I could go on: there are fascinating sections here about the longstanding, mostly-friendly rivalry between the AAS and the Massachusetts Historical Society (whose president, giving an address at the laying of the cornerstone of the AAS' current home in 1909, used the occasion to urge the AAS, essentially, to back off by narrowing its collecting focus to central Massachusetts), while the accounts of the Society's involvement in the major works of American bibliography (Evans, Sabin, Shaw/Shoemaker, Brigham, Wright, &c.) show just how important a role the institution has played (and continues to play) in the field of American bibliography and, more recently, book history.
A few typographical errors made their way into the book, but thankfully they do little to detract from the text, and are mostly extremely minor (Isaiah Thomas read the Declaration of Independence in Worcester on 14 July, 1776, not 24 July, for example). The book's typeface is one of my favorites, and the many images are well-chosen and integrated into the text. The notes are thorough and the index useful.

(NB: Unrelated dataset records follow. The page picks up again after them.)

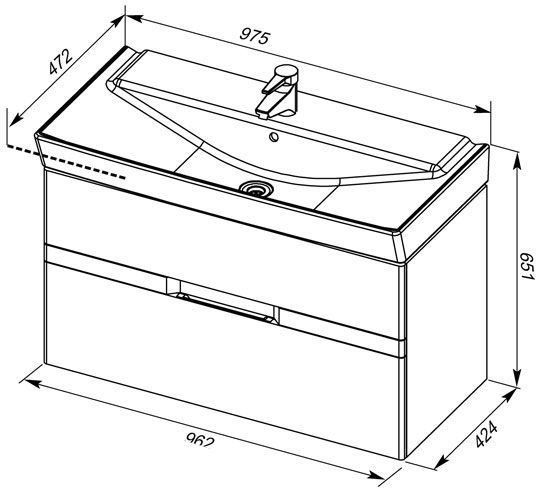 Тумба с раковиной Aquanet Виго 100 сине-серый
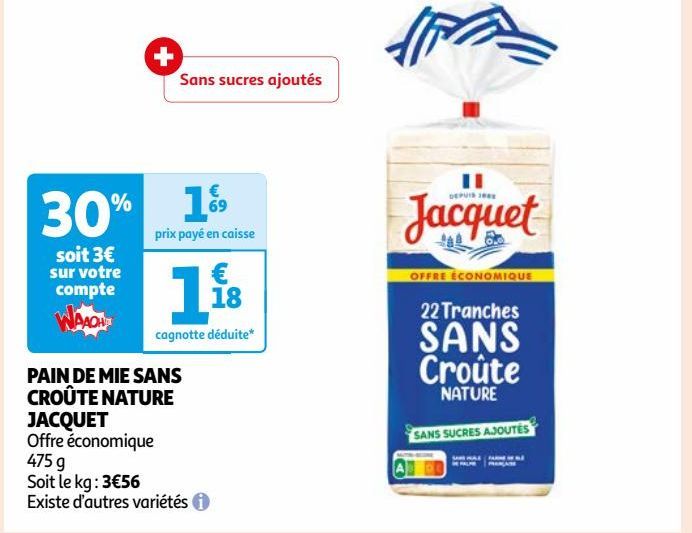 PAIN DE MIE SANS CROÛTE NATURE JACQUET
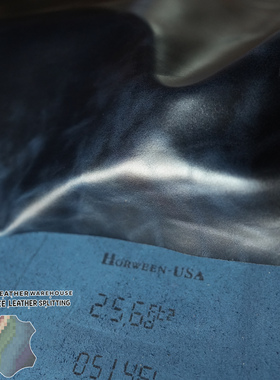 美国Horween霍尔文墨蓝色高光油蜡牛皮料1.4MM手工高定diy牛皮料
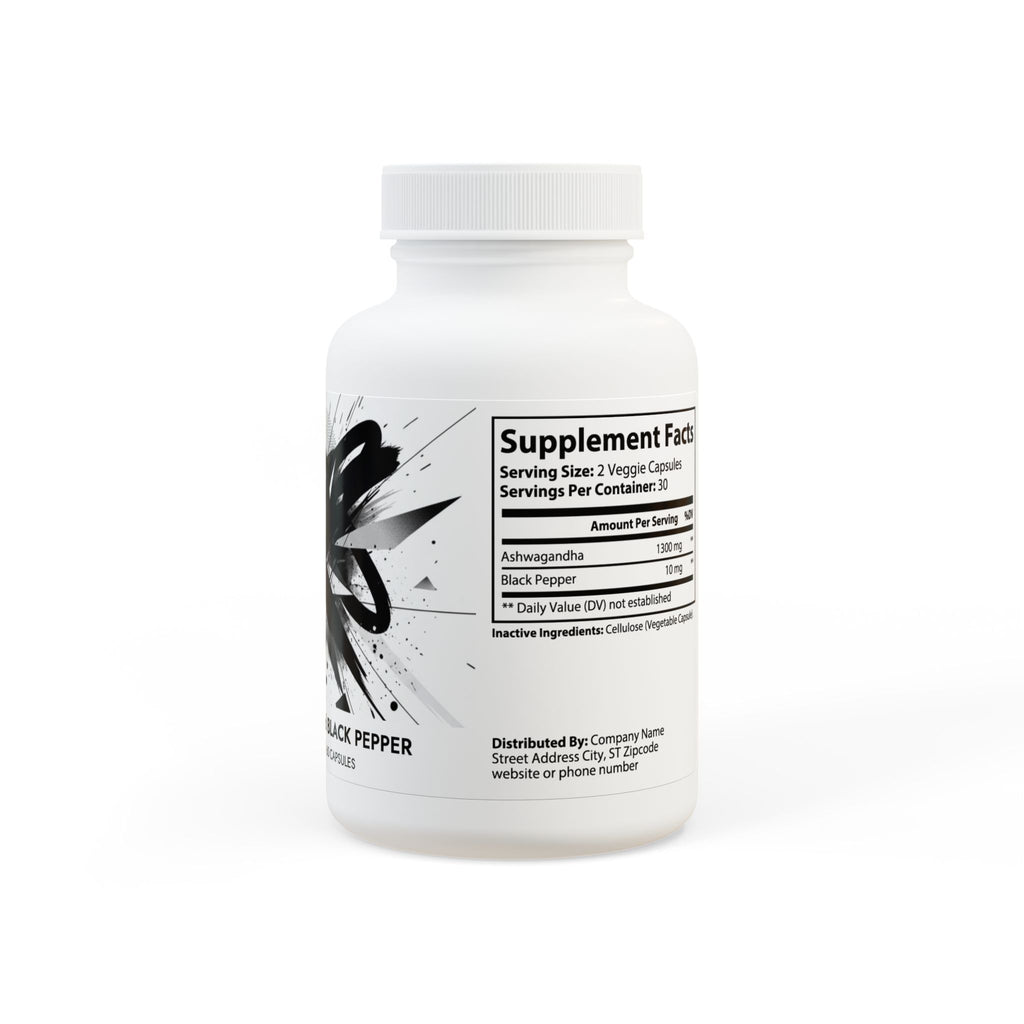 Ashwagandha and Black Pepper Supplement (60 capsules)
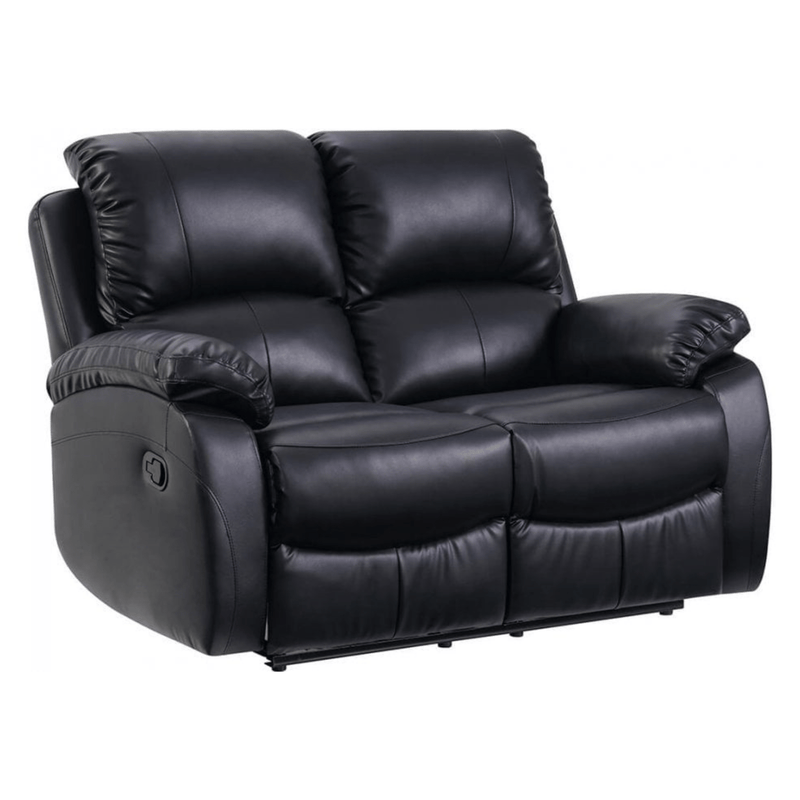 Black leather reclining sofa on a white background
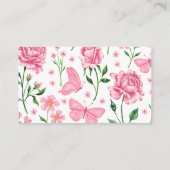 Roze Bloemen Vlinders Gift Registry Quinceañera Informatiekaartje (Achterkant)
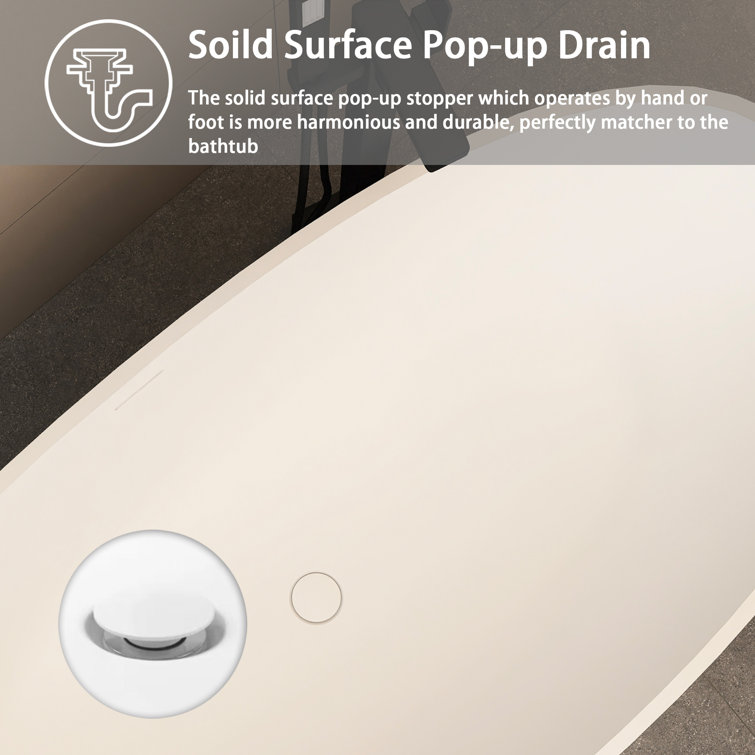 65-Inch Matte White Solid Surface Freestanding Soaking Bathtub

Of course times are not always good at institutions like AAS, and the Society has weathered its share of tight budgets, cramped physical spaces, and various other trials and tribulations over its two centuries. They're part of Gura's book too. But through it all, AAS has persevered, and its collections and those responsible for their care, access, and dissemination remain a vital part of the American intellectual community. May it be so for another two hundred years and more.